The SI is an incomplete plug to address a policy vacuum on VSP regulation. It is accompanied by temporary guidance from Ofcom on the VSP regulatory obligations, which will be supplemented by further detailed guidance introduced next year. As the Minister said, both sets of guidance will be replaced by an online harms Bill, which he told us to expect next year. That Bill has been expected imminently just about every week in this year, and further reassurances that it is on its way is hardly sufficient at this time.
Between now and the publication of next year’s final guidance, Ofcom has said that it will
‘prioritise only the most serious potential breaches’.
Why will the UK leave the transition period with no distinct regulation of grave harms that might be suffered by UK citizens?

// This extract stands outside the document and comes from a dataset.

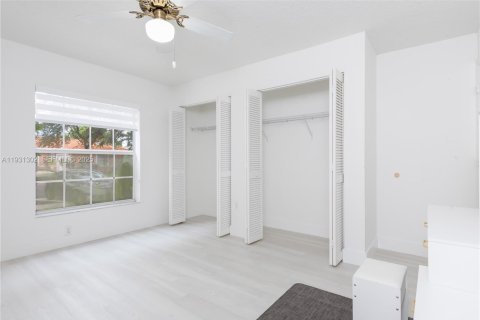 Снять в аренду виллу или дом в Мирамар, Флорида 4 спальни, 166.67м2, № 1990528 - фото 29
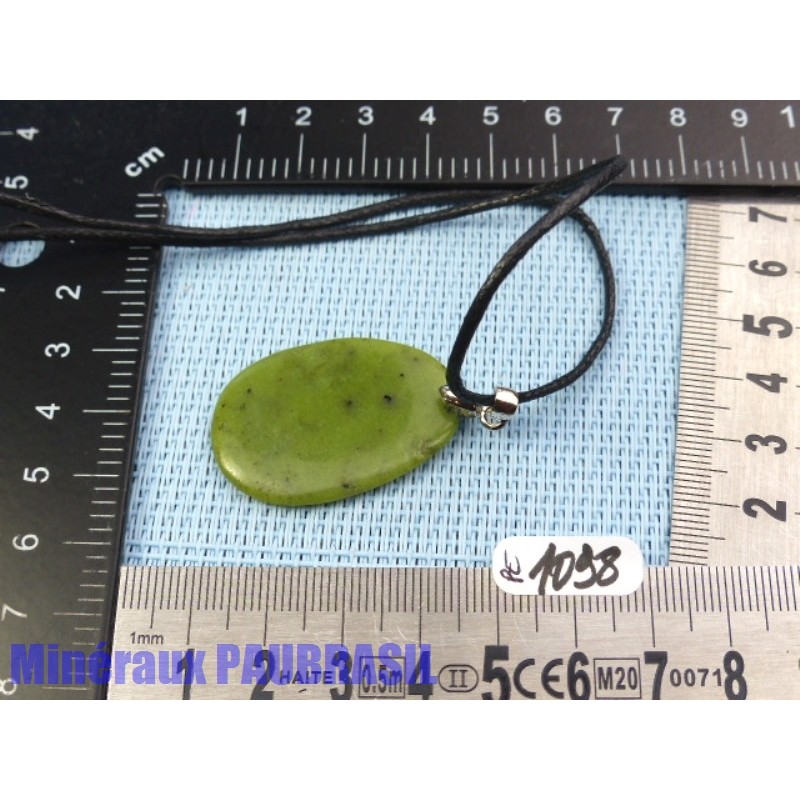 Pendentif Jade Néphrite mini pierre plate 6gr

We urgently need an assurance from the Minister that the policy and enforcement vacuum will not endanger the wellbeing of citizens who use online VSP services. When will we have legislation to address that policy hole so that our citizens will be protected from online harms? When will the online harms Bill be brought before Parliament?
Video-sharing platforms continue to profit from content that is harmful and, in some cases, illegal. Online advertising, which the Minister mentioned, drives the VSP business model, and that of the content providers, for example, influencers. That advertising is almost entirely unregulated by statute and that obviously places television companies at a disadvantage, given that their advertising is regulated. It also has implications for our democracy as political advertising is also unregulated online. When will the Minister introduce the appropriate regulation of online advertising? Has any assessment been made of the uncertainty created for media businesses as a result of the Government’s constant policy catch-up? At the heart of this, when does he intend to fill the gaping gulf between regulation and the Government’s constant catch-up?

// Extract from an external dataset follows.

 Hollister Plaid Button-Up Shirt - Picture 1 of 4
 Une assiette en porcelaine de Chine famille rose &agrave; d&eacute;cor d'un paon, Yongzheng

Although the SI poses pressing questions about risk and regulation, there are also persisting questions about long-term policy direction. At the fore of that, we will need a VSP regulatory regime that is effective at home and aligned with policy abroad, especially as we diverge from European legislation. That provides some scope for regulatory standards that offer robust protection to British citizens, but it also creates a need to ensure continuity, clarity and consistency for businesses. How does the Minister plan to ensure ongoing alignment with Europe on VSP regulation?
It is worth noting that the online harms Bill is a response to a two-year-old consultation, but the pace of technology, social change and the impact of covid-19 will make some of the consultation’s conclusions either obsolete or inadequate in the face of future threats. It would be nice to have a forward-looking regulatory regime as opposed to a backward one. Has the Minister consulted consumer groups and relevant VSPs to ensure the creation of a thought-through policy that is domestically effective and internationally aligned for the UK regulation of VSPs? I fear that the voice of consumer groups is unheard; the big tech companies have many lobbyists and excessive profits to pay for them. In this debate the voice of the consumer and the citizen is not as loud as that of the big tech companies.
The Government have been a static spectator as the debate on and the reality of VSPs’ online harms have passed them by. It is deeply concerning that Ministers are failing on such a matter. That failure places businesses in uncertainty, blocks innovation and gives away British regulatory sovereignty, but most of all, it threatens our children and members of the public from unchecked harms, misinformation and unregulated advertising. Despite that ongoing failure, the Government are still playing catch-up and are only now bringing in an SI on VSP regulation beyond the transition period, when there is barely less than a month before that period ends. And even then, they are introducing an SI that merely continues a highly imperfect scenario, in which British regulators cannot regulate to protect British consumers of VSP services. We deserve much better from our Government.
The Opposition will not oppose the SI because we do not think that the Government could now respond quickly enough to fill the gaps in regulation that the SI’s failings will leave. I note that the Minister is smiling, but he must take seriously the deficiencies in our regulatory framework that are left unaddressed by the SI. I hope that he can assure us that the Government will finally wake up and deliver effective regulation against harms, misinformation and unregulated advertising on VSP through immediate additional legislation.
I was smiling simply because after the catalogue of failure and disaster that the hon. Lady recounted in describing the SI, she then said that the Opposition will not oppose it, which obviously I welcome very much.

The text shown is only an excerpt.